ANSYS SCADE Vision Capabilities
Autonomous Vehicle Perception Software Robustness Testing
SCADE Vision powered by Hologram automates the identification of potential vulnerabilities in autonomous vehicle (AV) perception systems. It helps you to find and categorize edge cases where these systems might exhibit unsafe behavior. It is intended for safety analysts, neural network developers and anyone else who works with machine learning-based perception systems.
SCADE Vision enables automated testing of the AI-based AV perception software under test (SUT), usually a convolutional neural network (CNN). Testing consists of running the SUT inference algorithm twice against each raw input video captured from the AV sensors: the first inference is run on the baseline, unmodified frames, while the second inference is run on an augmented/modified version of the input video frames, when there are objects of interest (e.g., pedestrians, cars) detected in the scene. The SCADE Vision engine then analyzes the SUT outputs stored in the results database using several defect analysis algorithms to identify weaknesses and fragilities in the AV perception software, including weak detections or false negatives.
SCADE Vision does not require labeled data to support AV perception software testing; instead, it searches through raw sensor data recorded by the autonomous vehicles.
A web-based UI provides you with the ability to configure (input video/images repository, perception algorithm/CNN under test, etc.) and launch one or several analyses. The UI also helps you to quickly identify the input videos and frames which highlight probable defects of the AI-based AV perception software, making it very effective to browse through the AV data lake.
Triggering events identification in autonomous vehicle perception software
Once the SCADE Vision engine has performed the analysis of the AV data lake, the web-based UI supports analysts in categorizing the probable defects of the AV perception software into proposed triggering events, or root causes, for fragilities in the AV perception systems.
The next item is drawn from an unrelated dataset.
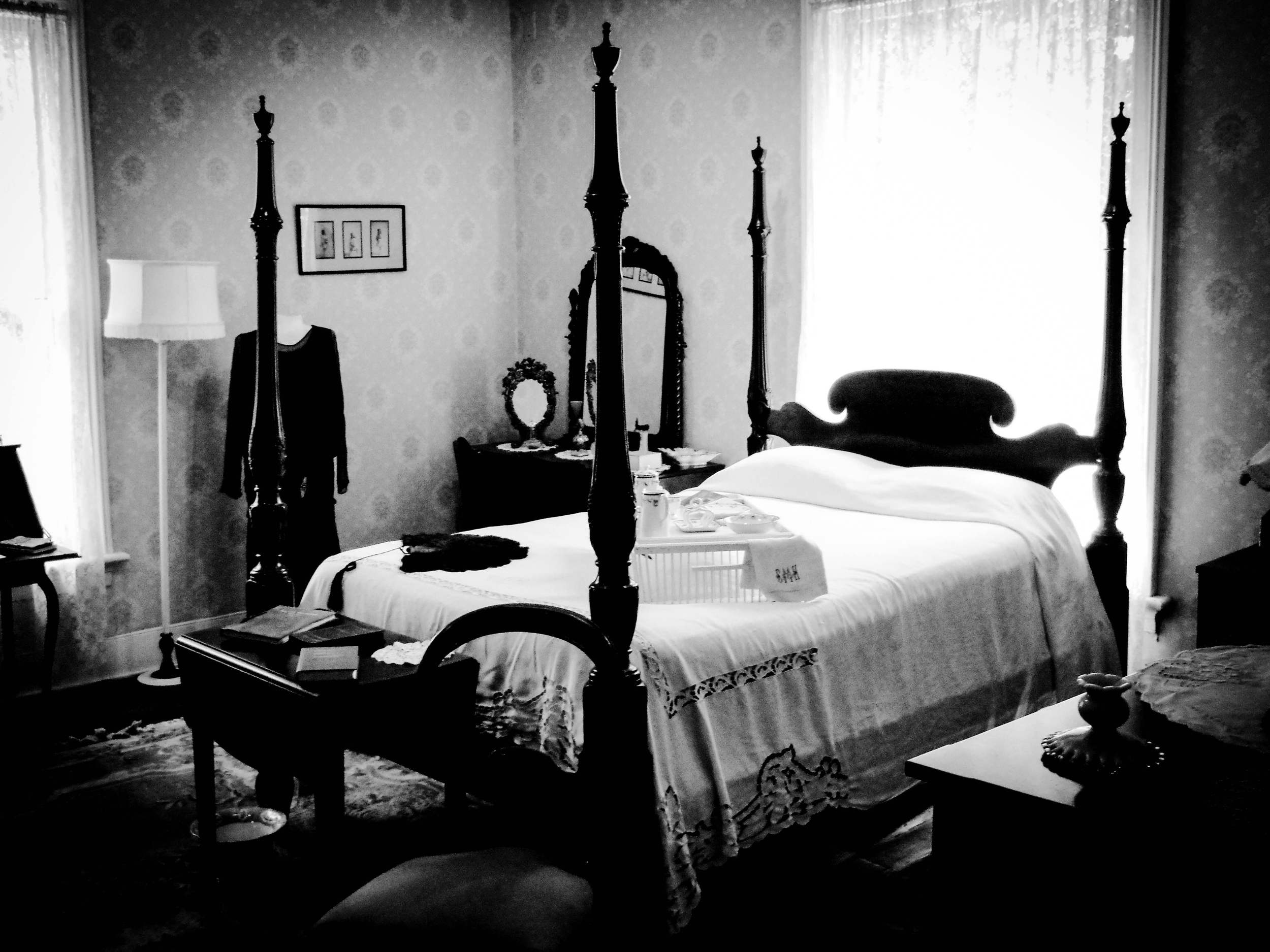 Evelyn Hazen's bedroom, where she claimed to have seen the ghost of Jack McKnight.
Triggering events are diverse: weather conditions (snow, rain, wildfire), lighting conditions (glare, night, high beams), infrastructure (fences, reflective surfaces, statues), types of road users (wheelchairs, people in costumes), or simply an incomplete training of the AV machine learning systems.
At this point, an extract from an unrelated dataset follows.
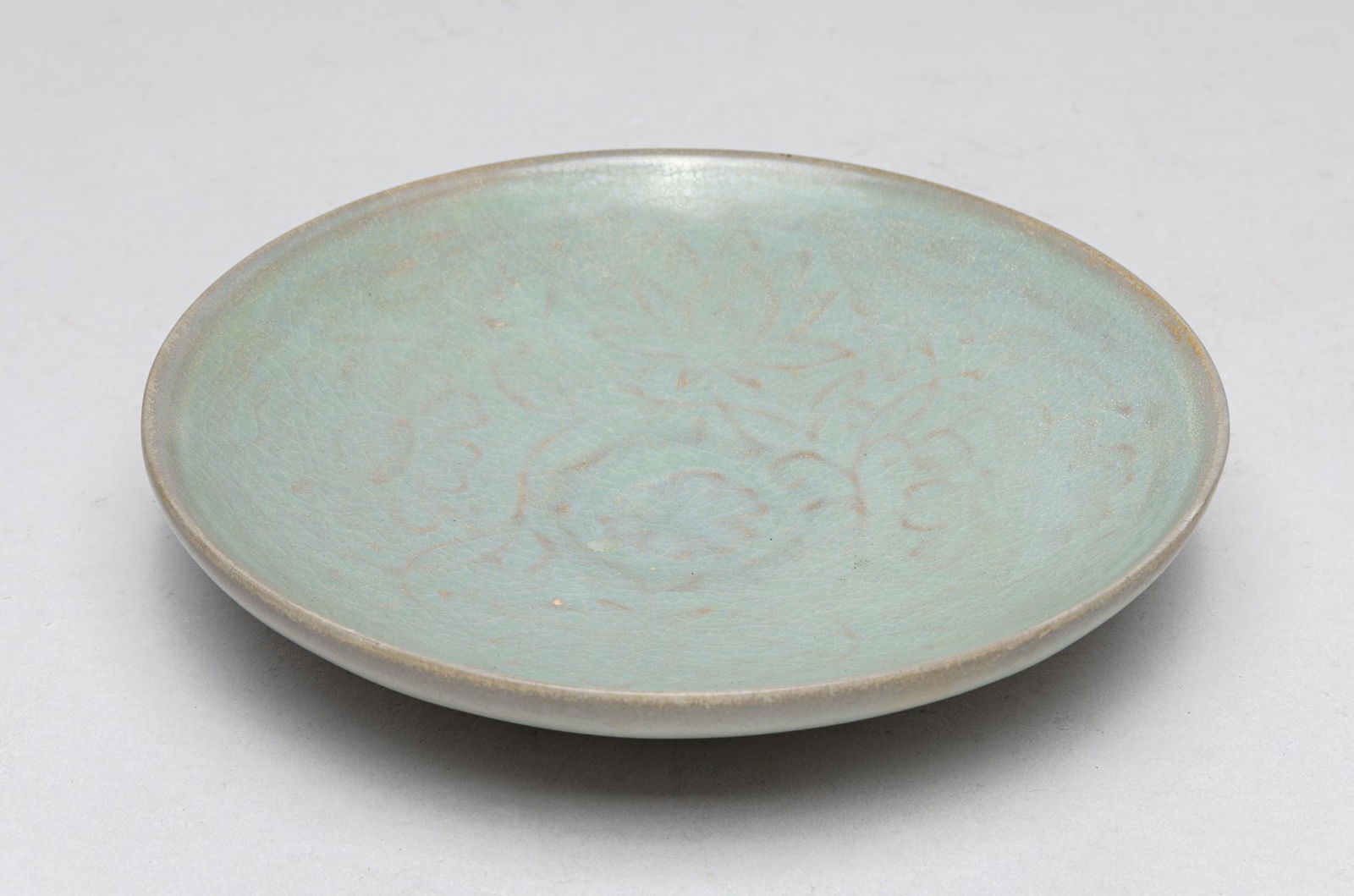 Chinese Celadon Glazed Shipwreck Type Porcelain Plate (1 of 10)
Automatic safety report generation
SCADE Vision enables you to automatically produce web and printable reports for perception algorithms development and safety teams. A dedicated report generation UI helps analysts to provide commentaries, including ideas for mitigations, on key triggering events along with example defects.
Automatically generated reports help you to structure and communicate the results of the safety analysis with members of the AV perception software development team and other interested parties, in a virtual feedback loop.